Al principio de la pandemia pensábamos que se trataba de una guerra biológica o bioquímica. No sabíamos exactamente cómo lo iban a hacer, pero abundaban las teorías al respecto y todo ello nos hacía pensar que era cierta nuestra sospecha. Los estadounidenses hablaban de Wuhan, de murciélagos, de mercados callejeros rebosantes de toda clase de alimañas, y de ahí habría surgido el virus. Los chinos, por su parte, acusaban a los soldados norteamericanos de haber lanzado el virus aprovechando la celebración de juegos olímpicos militares que se celebraron precisamente en Wuhan. Había “expertos” que, para remover más aún las turbulentas aguas de la interpretación de aquella pandemia, hablaban de laboratorios secretos en los que podía haberse desarrollado el virus. Y mientras se reforzaban unas opciones y se rechazaban otras, los medios de comunicación presentaban mapas de la infección vírica, gráficos, números de muertos… Hablaban de hospitales colapsados en toda Europa y de hogueras donde quemaban a los muertos en la India. En medio de esta paranoica espiral de miedo y de absurdas propuestas “científicas” había quienes hacían su agosto, sobre todo en los ministerios de sanidad de medio mundo, aprovechando el caos inicial.
Después aparecieron las variantes, las mutaciones, que eran rápida y milagrosamente detectadas, haciendo cada vez más inevitable la obligatoriedad de las vacunas, de unas substancias imposibles de verificar y que habían sido aprobadas por vía de urgencia cuando no había ninguna que lo justificase. Poco a poco el velo del montaje se fue desgarrando, dejando al descubierto el proyecto de un nuevo orden mundial, en el que la despoblación iba a ser inevitable y drástica.
Durante todo ese tiempo se fueron estableciendo medidas caóticas e irracionales que nos obligaban a llevar mascarillas en la calle, nos prohibían entrar en restaurantes, asistir a partidos de futbol… Se suspendían vuelos, se perdían cada día millones de puestos de trabajo. Fue entonces cuando quedó en evidencia la incapacidad científica de Occidente. Hollywood y los medios de comunicación habían creado durante decenios un Metaverso en el que la realidad se mezclaba con apasionantes descubrimientos virtuales que los efectos especiales nos los hacían confundir con acontecimientos reales, viajes espaciales a través del tiempo, clonaciones… inmortalidad. Y todo parecía real. Al fin y al cabo nos habíamos paseado por la Luna –ahí está la bandera, y teníamos a Marte fotografiado tanto geográfica como geológicamente. Ya sabíamos cómo se había generado el Universo, segundo a segundo.
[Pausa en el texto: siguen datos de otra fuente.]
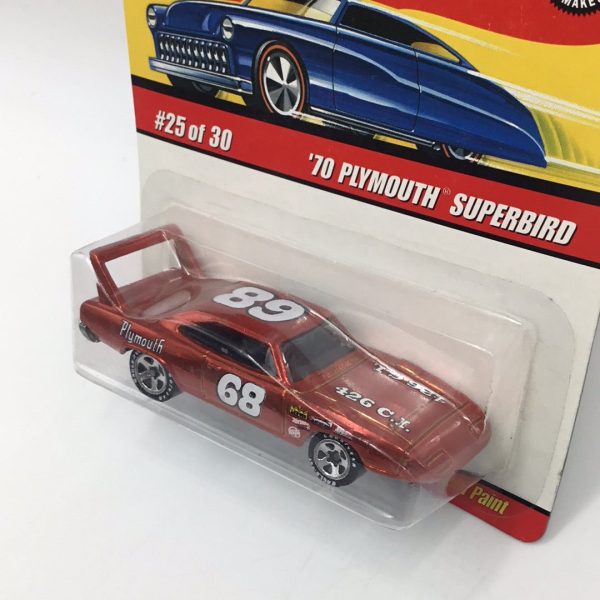 Hot wheels classics series 3 #25 70 Plymouth Superbird orange htf Sale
Sin embargo, la pandemia nos ha hecho ver la virtualidad, la ficción de todos esos elementos, de todo ese progreso, de todos esos magnificentes “logros científicos”. Covid-19 no ha sido fabricado en ningún laboratorio secreto, sino en los despachos de los jefes de redacción de los principales medios de comunicación; de la misma forma que fue Hollywood y no Apollo-11 el que nos transportó a la Luna. Todos los grandes acontecimientos “científicos” han sido siempre proyectados a un futuro incierto y ello porque no hay más Universo que la Tierra en la que vivimos, el cuerpo en el que nos manifestamos, la consciencia, el Sol, la Luna y las estrellas.
El asesinato de Dios, por lo tanto, ha resultado ser totalmente infructuoso. Seguimos sin poder crear un simple mosquito, una célula… vida. Seguimos dando vueltas a la pecera y nunca saldremos de ella mientras estemos en este mundo.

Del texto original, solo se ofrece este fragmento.